Thursday, July 18, 2013

Dead

So. He's dead, my father. He died the last day of June. He was ninety years old, and had been in a nursing home since 2006, after a stroke put him there.

I was not surprised. He'd been fading for a long time, and he was very old. Even before the stroke he'd had some dementia.

In the end it was an infection. Friday he was moved from the nursing home to the hospital, and by Sunday morning he was dead.

I am not sad. There is nothing for me to mourn. While I may still be in the process of mourning the father I never had, and while songs in particular about good fathers have been known to make me cry (Nanobots I'm looking at you) there's nothing there for the person my father was. He was simply too much of an asshole to me, to us, for me to mourn.

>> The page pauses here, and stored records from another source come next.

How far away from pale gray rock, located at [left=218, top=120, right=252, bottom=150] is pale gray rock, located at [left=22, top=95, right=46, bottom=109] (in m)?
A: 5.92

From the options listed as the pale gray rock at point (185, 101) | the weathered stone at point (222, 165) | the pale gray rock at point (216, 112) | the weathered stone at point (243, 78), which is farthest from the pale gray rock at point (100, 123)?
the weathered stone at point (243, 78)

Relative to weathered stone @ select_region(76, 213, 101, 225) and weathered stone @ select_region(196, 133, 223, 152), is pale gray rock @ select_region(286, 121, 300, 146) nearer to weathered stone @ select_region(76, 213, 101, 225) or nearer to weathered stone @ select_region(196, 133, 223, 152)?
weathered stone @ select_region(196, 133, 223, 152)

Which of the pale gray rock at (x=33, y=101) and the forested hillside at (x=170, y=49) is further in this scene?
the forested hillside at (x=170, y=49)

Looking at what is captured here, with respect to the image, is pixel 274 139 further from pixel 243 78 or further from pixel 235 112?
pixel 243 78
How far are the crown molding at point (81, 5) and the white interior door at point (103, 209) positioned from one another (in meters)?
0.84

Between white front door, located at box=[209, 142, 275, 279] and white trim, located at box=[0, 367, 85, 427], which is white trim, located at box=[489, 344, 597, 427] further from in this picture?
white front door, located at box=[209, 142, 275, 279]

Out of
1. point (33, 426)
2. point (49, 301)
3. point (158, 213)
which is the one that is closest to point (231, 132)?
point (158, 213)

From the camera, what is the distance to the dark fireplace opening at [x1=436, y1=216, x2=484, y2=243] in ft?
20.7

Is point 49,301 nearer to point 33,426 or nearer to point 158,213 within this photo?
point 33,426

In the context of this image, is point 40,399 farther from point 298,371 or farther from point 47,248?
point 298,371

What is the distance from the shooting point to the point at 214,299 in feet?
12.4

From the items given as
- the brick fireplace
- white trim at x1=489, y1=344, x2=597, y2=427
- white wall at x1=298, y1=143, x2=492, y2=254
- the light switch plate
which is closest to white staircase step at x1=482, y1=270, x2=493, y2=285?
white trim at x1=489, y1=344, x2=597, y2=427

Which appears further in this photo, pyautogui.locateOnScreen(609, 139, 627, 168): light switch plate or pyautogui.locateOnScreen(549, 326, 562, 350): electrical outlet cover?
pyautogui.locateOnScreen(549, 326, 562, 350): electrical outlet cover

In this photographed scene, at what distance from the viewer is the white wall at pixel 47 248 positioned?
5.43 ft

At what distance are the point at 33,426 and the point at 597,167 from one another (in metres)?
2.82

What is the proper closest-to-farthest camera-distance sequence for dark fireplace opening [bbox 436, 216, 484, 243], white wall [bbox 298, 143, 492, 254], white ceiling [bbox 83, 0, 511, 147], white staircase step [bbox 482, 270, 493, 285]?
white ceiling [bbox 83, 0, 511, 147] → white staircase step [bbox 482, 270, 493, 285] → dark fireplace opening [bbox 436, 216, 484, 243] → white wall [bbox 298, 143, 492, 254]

A year or two ago my therapist at the time asked me to come up with a good memory of my father. I think she thought I was being too negative about all this (she has since been fired, because you don't pull that attitude with a victim of abuse, sorry). I racked my brains and genuinely couldn't find one. I could remember him being nice to the cats, or pleasant to other people, but none of it directly involved me.

Not too long ago, a few months maybe, I did remember one. When we had that big blizzard in 1978, when I was in second grade, my father built us a sled trail. It went down a hill, up another smaller one, around a banked corner and ended by the stone wall in back. I don't remember asking him to do it. It is a good memory. I don't know now why he did it. We benefited from it, sure, but I have a really hard time believing he wasn't doing it primarily for himself, in some kind of vicarious way.

At any rate, that one memory is not enough.

I am relieved, which is not surprising; even if he had been loved by me, the death of someone so old who had been more or less a vegetable his last few years would have been a relief, because I'd know they were finally free of it. But he wasn't loved by me. I am not ashamed to admit it, though it makes me a little sad that it is true. Because everyone should have a father they love. Everyone should have a decent father. Everyone, every child is entitled to one.

A day or two after his death I realized that the sudden feeling of lightness, the feeling of my shoulders being down where they should be, was a feeling of freedom.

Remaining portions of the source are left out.